Алик с тоской смотрел на огромный ящик, но по мере того, как Панаев выкидывал оттуда стружку, успокаивался, решив поначалу, что принесли нечто бьющееся. Вся палата, затаив дыхание, наблюдала. Артем Федорович и Николай Иванович даже подошли к кровати Оскара Ароновича, который давно забыл про горчичник на лопатке – неважно себя чувствовал – лежал на боку, внимательно наблюдая за спектаклем.
Наконец, свершилось – Панаев торжественно достал предмет рыночной диковинки! Палата и коридор охнули – это была груша! Огромных размеров, сантиметров двадцать пять высотой, редкостной формы. Одна сторона, ровная, как отполированная годами сторона скалы, а другая ... Если смотреть в профиль, то большая, беременная на десятом месяце баба, без грудей и головы, но с длинной шеей, как бы выращенной под влиянием женских портретов Модильяни, скорее уникальное создание скульптура-авангардиста, нежели творение природы. Такое не бывает – первое, что пришло в головы, а удивленно-восхищенный Артем Федорович тихо произнес, разрядив обстановку всеобщего шока:
– И это можно съесть? Да никогда в жизни!

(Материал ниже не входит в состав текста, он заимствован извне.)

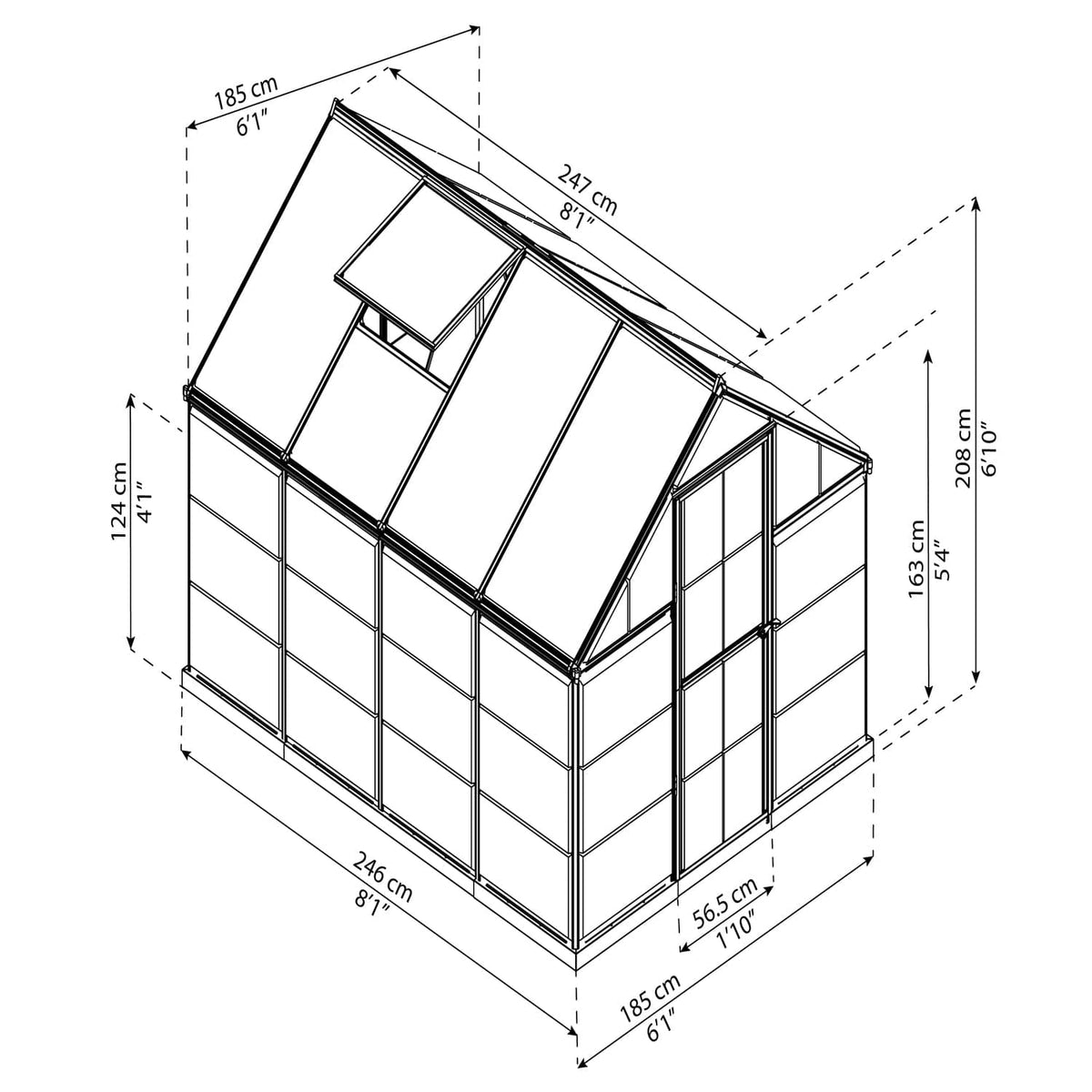 Palram Canopia | 6x8 Ft Hybrid Greenhouse Kit Gray With 0.8mm Polycarbonate Glazing - HG5508Y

– Будет стоять, пока не сгниет, – добавил потрясенный Алик, – ну, Александр Иосифович, сразили.
– Тогда мы тебя целуем, и пошли к матери, а то не успеем, – сказал, повернувшись к палате, Геня. И чуть поправив прическу, едва заметно изменив конфигурацию губ, стал вдруг Брежневым, а когда заговорил его голосом – точно Леонид Ильич, вот он, рядом – вздрогнула вся палата. Артем Федорович рассказывал потом, что по торжественности момента, повисшем в воздухе, он почувствовал себя на праздничном заседании в Кремлевском Дворце съездов, в котором, кстати, никогда не бывал.
– Дорогой Олег Константинович! – начал Геннадий – не горюйте, все в жизни проходит, не вы первый, не вы последний! Помните, главное, не сдаваться, мы, коммунисты, всегда были стойкими борцами! Партия, её Центральный комитет поддержат вас! Мы с тобой, дорогой товарищ! - под восхищенные возгласы и аплодисменты они со всеми попрощались.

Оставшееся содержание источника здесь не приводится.